## About this exercise
Every line from the one containing "SPROCKET FRONT 22T 525" to the one containing "F320-46234: EARRINGS .20 TW" in the records below, both included, must be set down exactly, and no other line.

## Material provided
════════

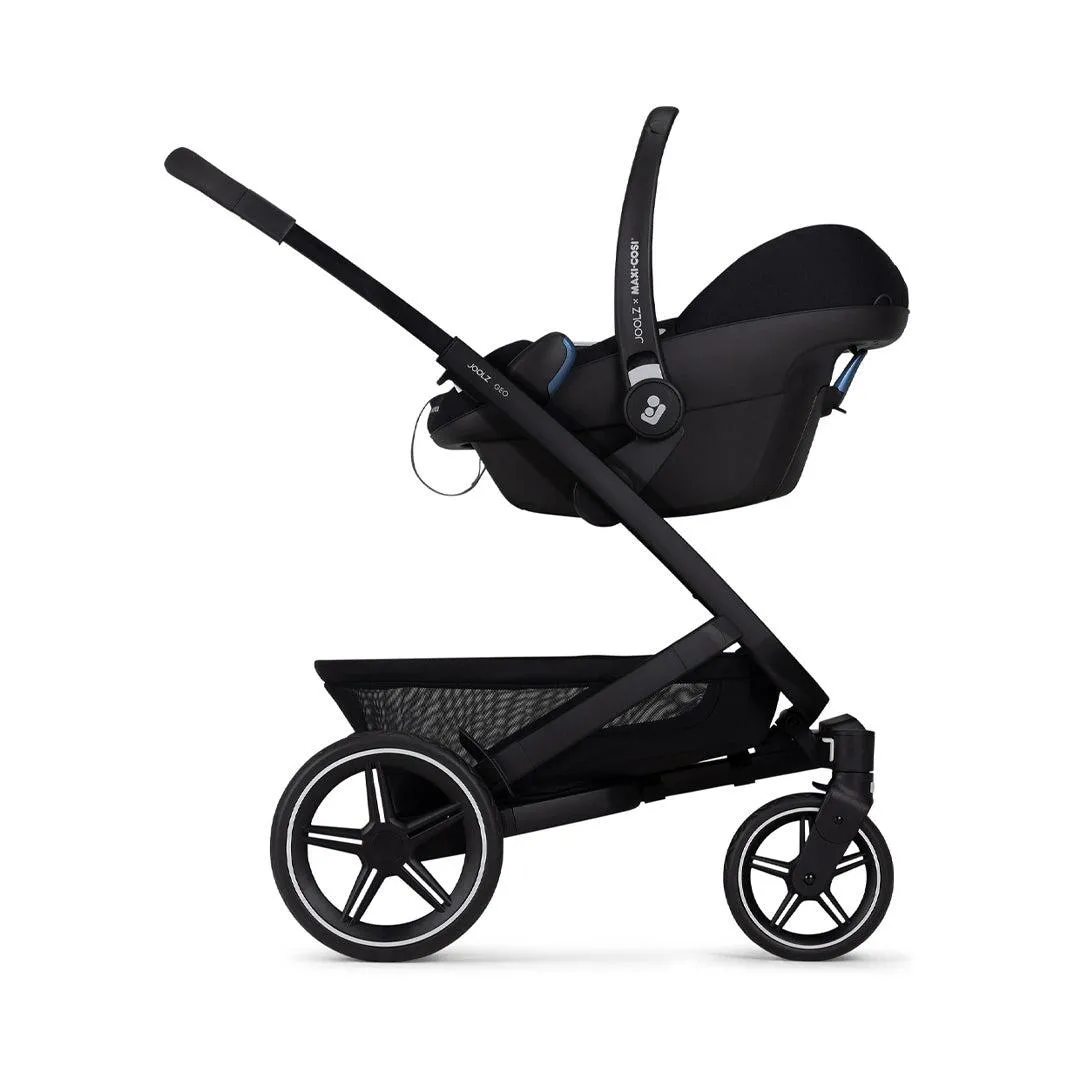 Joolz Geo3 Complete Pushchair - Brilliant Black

════════

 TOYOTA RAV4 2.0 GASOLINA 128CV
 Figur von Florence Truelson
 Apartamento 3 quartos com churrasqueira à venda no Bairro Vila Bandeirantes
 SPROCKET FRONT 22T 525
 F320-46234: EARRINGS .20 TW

════════

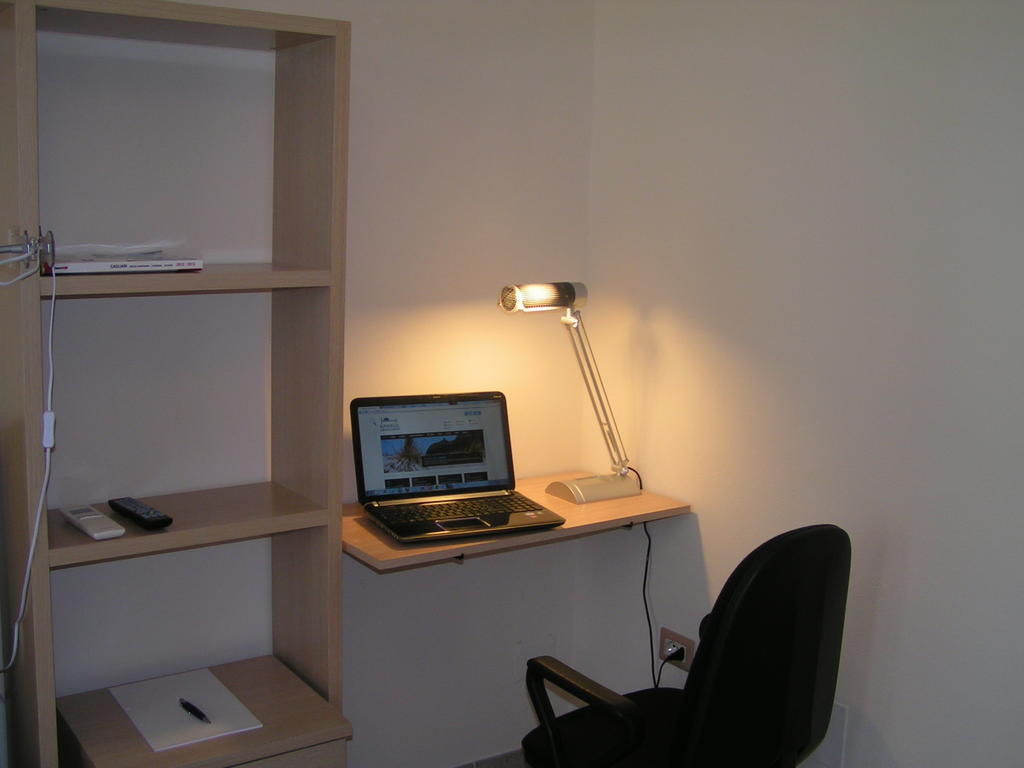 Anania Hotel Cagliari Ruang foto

════════

## Task solution
 SPROCKET FRONT 22T 525
 F320-46234: EARRINGS .20 TW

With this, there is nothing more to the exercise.